Verizon, Google, Microsoft in merger mix
Several other prominent names in the media and technology sector — Verizon Communications, Google, Time Inc., Alibaba, AT&T, Microsoft and dozens of others – are said to be interested in the assets, underscoring the diversity of Yahoo’s assets.
Daily Mail’s interest in Yahoo was first reported by The Wall Street Journal Sunday, which said “half a dozen” private equity firms have had talks with Daily Mail for the bid. According to the report, Daily Mail would take over the news and media properties, while a private equity partner would seek to buy the U.S. operation. A private equity firm also may acquire Yahoo and house its media and news units with Daily Mail’s web properties in a new company that Daily Mail would run, the WSJ said, citing unnamed sources.
Pricing for Yahoo’s assets may fluctuate depending on the number of suitors. Excluding its cash and equity stakes in Chinese e-commerce giant Alibaba and Yahoo Japan, Yahoo’s assets could be worth about $6 to $8 billion, estimates Robert Peck, an analyst at SunTrust Robinson Humphrey.
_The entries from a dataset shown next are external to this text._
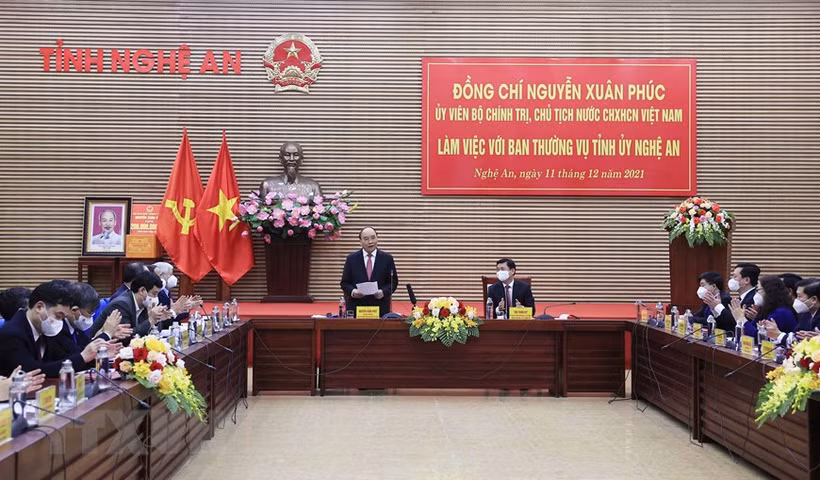 越南国家主席阮春福莅临乂安省调研指导工作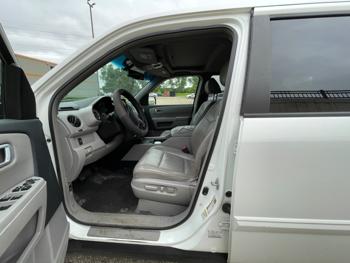 2009 honda pilot ex-l-4wd with 269405 miles for sale near burnsville, minnesota 96d5550d965e44e7bd188646e47d0af3.jpeg
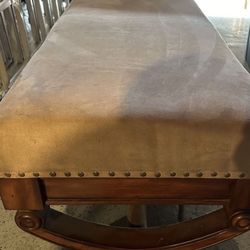 Ottoman/ Bench Love Seat 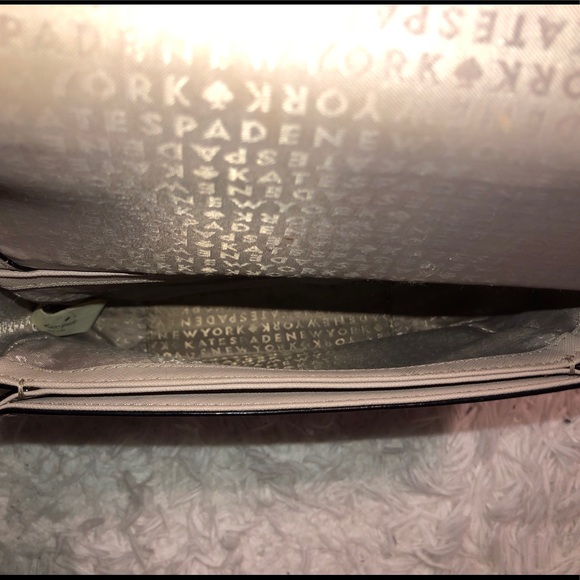 KATES SPADE crossbody purse ✨ - Picture 4 of 7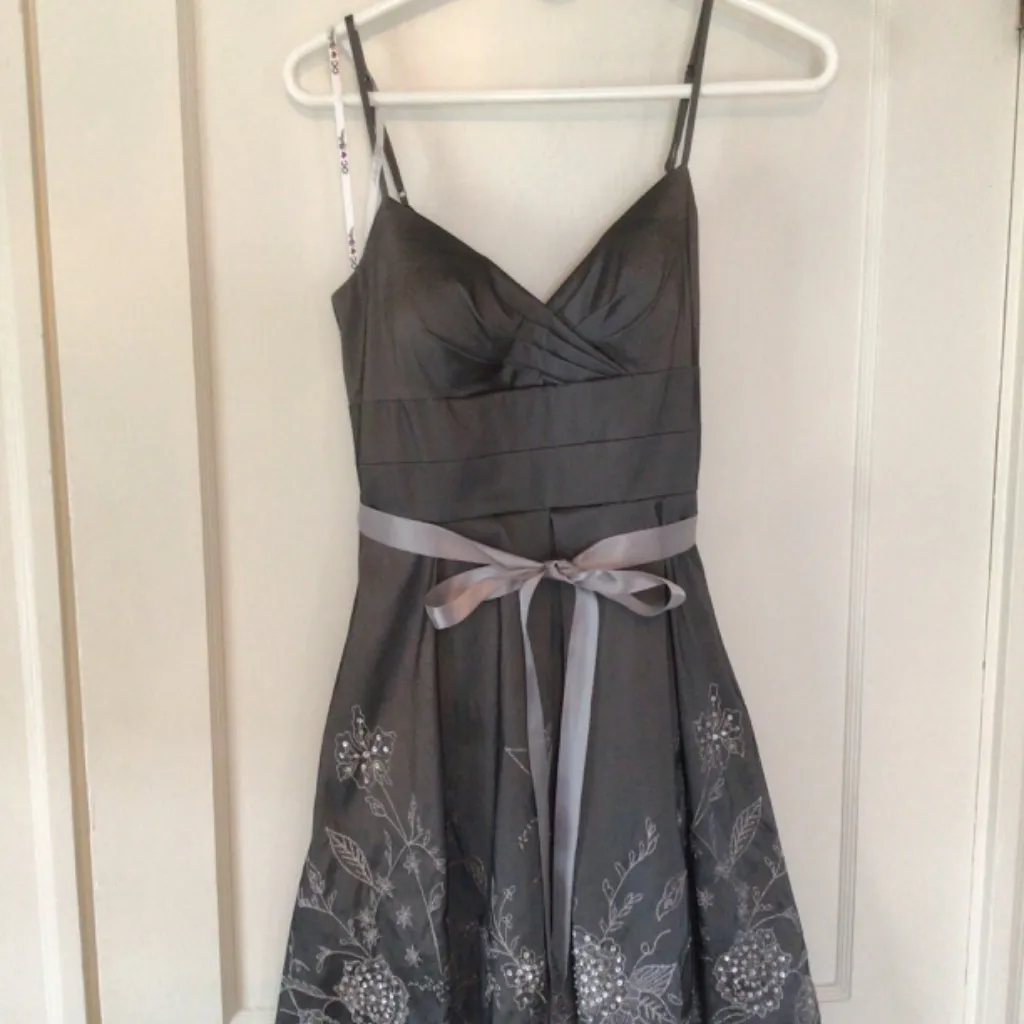 Oleg Cassini Charcoal Fit n Flare Embellished Dress in Charcoal sz 4 EUC - Image 2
“We continue to believe that Verizon is the leading contender, as it can afford to pay the most given potential for cost savings,” Peck wrote in an investor note Friday. “While there has been concern expressed on the health of the core, we expect a robust bidding process due to the underlying value of the pieces…We think the value to a strategic acquirer could be much higher, given the cost overlaps. Verizon, for example, would have little need for most of Yahoo’s sales force or G&A (general and administrative functions).”
Still, Yahoo’s buyer would be facing operations that are dwindling in revenue and size. According to a “sale book” that Yahoo’s bankers have been showing to potential bidders, Yahoo’s revenue is expected to fall 15% this year and earnings will likely be down by 20%. Its workforce is estimated to be cut to about 9,000 by the end of the year from 10,500 last year.